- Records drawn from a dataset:
▼
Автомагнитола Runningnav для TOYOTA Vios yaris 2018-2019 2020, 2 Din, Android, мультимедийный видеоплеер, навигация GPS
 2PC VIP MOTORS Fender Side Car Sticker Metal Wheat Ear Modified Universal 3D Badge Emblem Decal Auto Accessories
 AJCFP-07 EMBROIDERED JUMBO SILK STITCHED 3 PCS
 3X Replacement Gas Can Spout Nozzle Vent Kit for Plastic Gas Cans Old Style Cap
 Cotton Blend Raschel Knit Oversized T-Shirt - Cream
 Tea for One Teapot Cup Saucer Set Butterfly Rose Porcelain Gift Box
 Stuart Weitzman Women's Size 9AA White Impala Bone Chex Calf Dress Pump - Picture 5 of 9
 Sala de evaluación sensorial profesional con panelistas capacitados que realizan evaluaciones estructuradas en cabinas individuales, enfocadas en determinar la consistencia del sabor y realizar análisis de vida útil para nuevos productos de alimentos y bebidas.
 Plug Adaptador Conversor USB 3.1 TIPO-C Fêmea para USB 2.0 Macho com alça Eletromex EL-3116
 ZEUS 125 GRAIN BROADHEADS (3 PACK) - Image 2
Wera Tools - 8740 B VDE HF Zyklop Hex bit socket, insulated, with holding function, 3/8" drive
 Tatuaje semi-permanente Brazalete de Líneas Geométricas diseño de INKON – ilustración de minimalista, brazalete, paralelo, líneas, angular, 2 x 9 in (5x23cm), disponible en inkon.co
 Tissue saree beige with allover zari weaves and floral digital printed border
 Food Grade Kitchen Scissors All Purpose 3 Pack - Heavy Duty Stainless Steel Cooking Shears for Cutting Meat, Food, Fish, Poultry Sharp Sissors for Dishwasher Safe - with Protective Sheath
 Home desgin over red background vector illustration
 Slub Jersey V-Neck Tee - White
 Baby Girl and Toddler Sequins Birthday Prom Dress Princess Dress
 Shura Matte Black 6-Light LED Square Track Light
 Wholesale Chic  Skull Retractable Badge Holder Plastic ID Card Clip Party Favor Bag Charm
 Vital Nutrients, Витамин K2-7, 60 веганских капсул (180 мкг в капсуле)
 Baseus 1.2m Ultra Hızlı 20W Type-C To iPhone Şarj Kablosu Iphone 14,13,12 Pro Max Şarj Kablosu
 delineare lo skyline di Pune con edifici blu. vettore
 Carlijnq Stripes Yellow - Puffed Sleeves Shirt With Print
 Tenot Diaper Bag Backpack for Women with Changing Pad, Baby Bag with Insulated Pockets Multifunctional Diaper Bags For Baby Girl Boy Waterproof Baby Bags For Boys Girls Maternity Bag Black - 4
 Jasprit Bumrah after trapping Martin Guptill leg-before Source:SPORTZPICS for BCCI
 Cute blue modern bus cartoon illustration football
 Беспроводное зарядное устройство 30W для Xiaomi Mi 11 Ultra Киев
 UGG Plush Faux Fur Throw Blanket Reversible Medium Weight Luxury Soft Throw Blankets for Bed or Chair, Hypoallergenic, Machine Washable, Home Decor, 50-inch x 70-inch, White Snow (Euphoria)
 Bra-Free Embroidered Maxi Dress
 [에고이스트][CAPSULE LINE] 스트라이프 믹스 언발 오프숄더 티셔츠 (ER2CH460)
▲
- AIM OF THE TASK: Starting at the line with "Cute blue modern", restate each line through the end of the records, both ends included, and stop there.

- RESULT FOR THIS TASK:
 Cute blue modern bus cartoon illustration football
 Беспроводное зарядное устройство 30W для Xiaomi Mi 11 Ultra Киев
 UGG Plush Faux Fur Throw Blanket Reversible Medium Weight Luxury Soft Throw Blankets for Bed or Chair, Hypoallergenic, Machine Washable, Home Decor, 50-inch x 70-inch, White Snow (Euphoria)
 Bra-Free Embroidered Maxi Dress
 [에고이스트][CAPSULE LINE] 스트라이프 믹스 언발 오프숄더 티셔츠 (ER2CH460)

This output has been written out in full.